I mentioned last post about how I’ve been trying to not use my phone when I’m doing social stuff, because I want to be a part of things. It’s harder than you’d think, because we’re so conditioned now to document every meal and moment, and to take and re-take photos to prove our spontaneity. There’s a place for this, yes, but for me? I’m trying to be more in the moment.
But sometimes, I really do not like the moment.
This morning was the icing on a particularly nasty cake I’ve been baking for a while now. I was running late for a cycle class, and I do not cope with being late. So I took what I thought was a shortcut, and found myself going straight past the gym. I turned around and promptly repeated the exact same sequence of turns, and again… going straight past the gym.
As I sat at the lights waiting to do a third u-turn, I heard myself say something. Actually, it was pretty loud.
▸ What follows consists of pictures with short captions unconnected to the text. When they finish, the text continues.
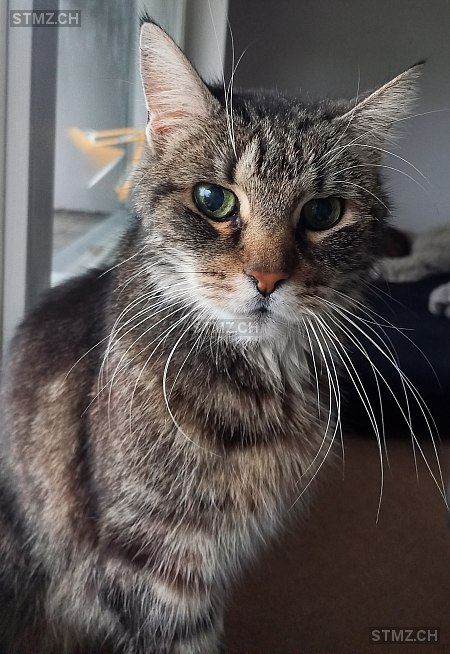 Lucy — Hauskatze ♀, Vermisst seit 25.03.2026, Degersheim (SG)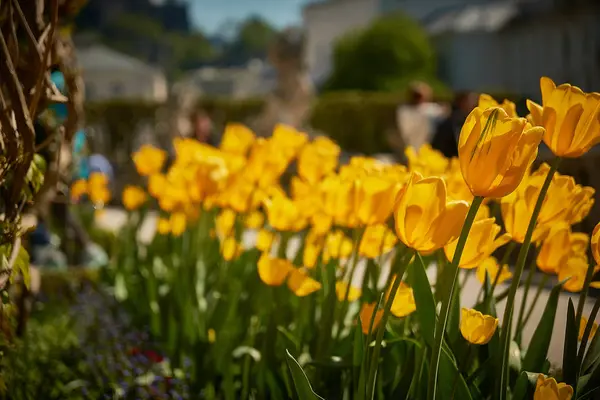 Pałac Mirabell i ogród wiosną Salzburg, Austria — Zdjęcie stockowe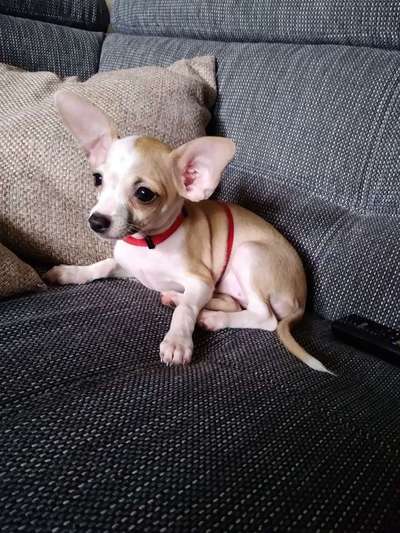 Das erste Foto-Beitrag-Bild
Chances are the person waiting at the lights next to me also heard it.
One thing I am good at doing is talking to myself in ways that I wouldn’t dare or even dream of talking to other people. And to prove a point, I have turned what I said into a beautiful meme:
And looking at those words, I feel ashamed of myself. I would unleash total fury at anyone who dared to use those words towards someone I love. Even towards someone I don’t know. You don’t talk to people like that, not in my world.
Except… I do. To myself.
And I’m sitting here, writing this, and I just want to cry. Because I know I meant it, at the time.
When I eventually got to the gym, I pushed myself through a big cardio workout, because I’d totally and utterly missed the class I wanted to go to. I was stretching afterwards, and a woman who’s become a good friend plopped herself down opposite me to chat.
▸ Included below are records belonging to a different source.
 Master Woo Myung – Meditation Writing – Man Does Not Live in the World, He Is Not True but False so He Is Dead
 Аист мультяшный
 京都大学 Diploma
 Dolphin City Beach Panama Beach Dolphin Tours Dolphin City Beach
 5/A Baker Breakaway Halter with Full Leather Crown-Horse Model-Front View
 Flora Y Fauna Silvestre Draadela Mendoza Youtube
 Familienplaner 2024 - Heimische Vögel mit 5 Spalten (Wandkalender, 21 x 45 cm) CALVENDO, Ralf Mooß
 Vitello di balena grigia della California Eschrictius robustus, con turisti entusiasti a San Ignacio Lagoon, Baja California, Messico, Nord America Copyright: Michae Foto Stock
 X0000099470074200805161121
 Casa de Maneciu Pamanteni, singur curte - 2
We talked about time. About how moments are so important, and without investing in the importance of time – instant, immediate, now time – life kind of loses meaning.
It reminded me of a conversation I had last night, where again time was the topic. Don’t rush time, don’t force yourself forwards into things you can’t possibly predict the best outcome. Don’t worry about things that you don’t have the information about yet. Just be now. Time.
Which reminded me of a conversation I had on Sunday. Time. Time doesn’t exist, you just have now as your guarantee. Don’t let anxiety mess with now.
I need to remember those words I said to myself. Not because they’re true. But because of the horrific cruelty behind them, that I directed to myself. And I need to remember how I spent that moment, that time. Because life is so fleeting. I cannot put more time into talking that way to myself. Because fuck.
I might hear me.
I thought about things that I have heard other people say about me.
There comes a point where you can make a choice.
And I choose moments. I choose now.
And as hard as it’s going to be to change the thought patterns of a lifetime, I choose to remember that I have done something amazing. That I am strong.
And that I am about to help other people set themselves free.